* To do
Please repeat, from the entries that follow, the lines from the one containing "all-around-warmblood-horse" through the one containing "The body does" exactly, adding nothing.

* Data for processing
#####

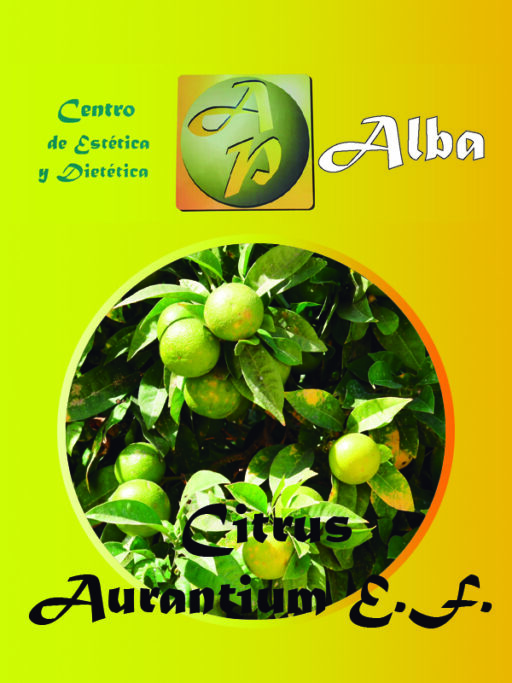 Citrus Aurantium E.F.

#####

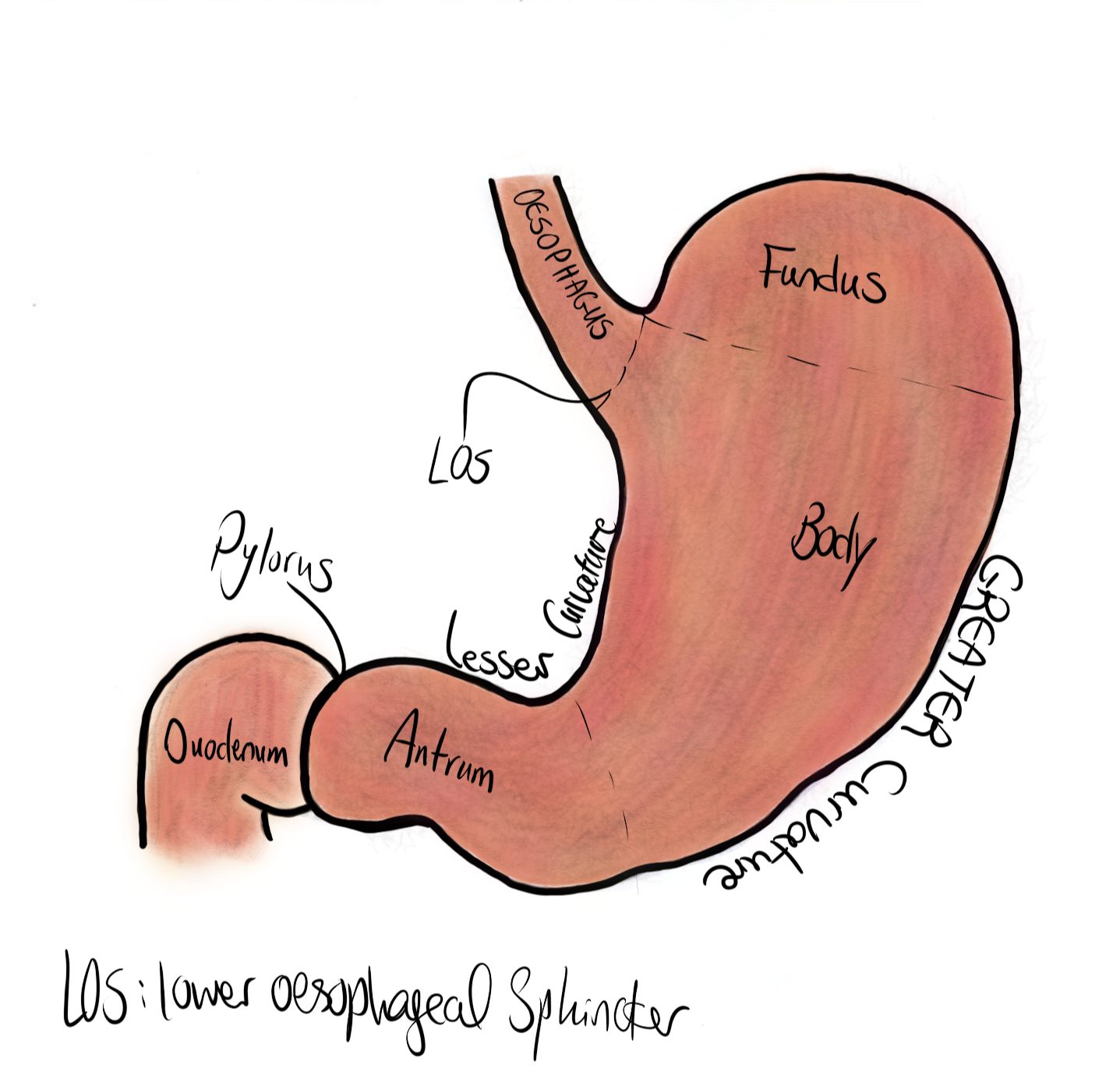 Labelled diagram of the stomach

#####

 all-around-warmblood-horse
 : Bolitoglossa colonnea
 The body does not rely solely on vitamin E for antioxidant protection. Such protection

#####

* Answer to the exercise
 all-around-warmblood-horse
 : Bolitoglossa colonnea
 The body does not rely solely on vitamin E for antioxidant protection. Such protection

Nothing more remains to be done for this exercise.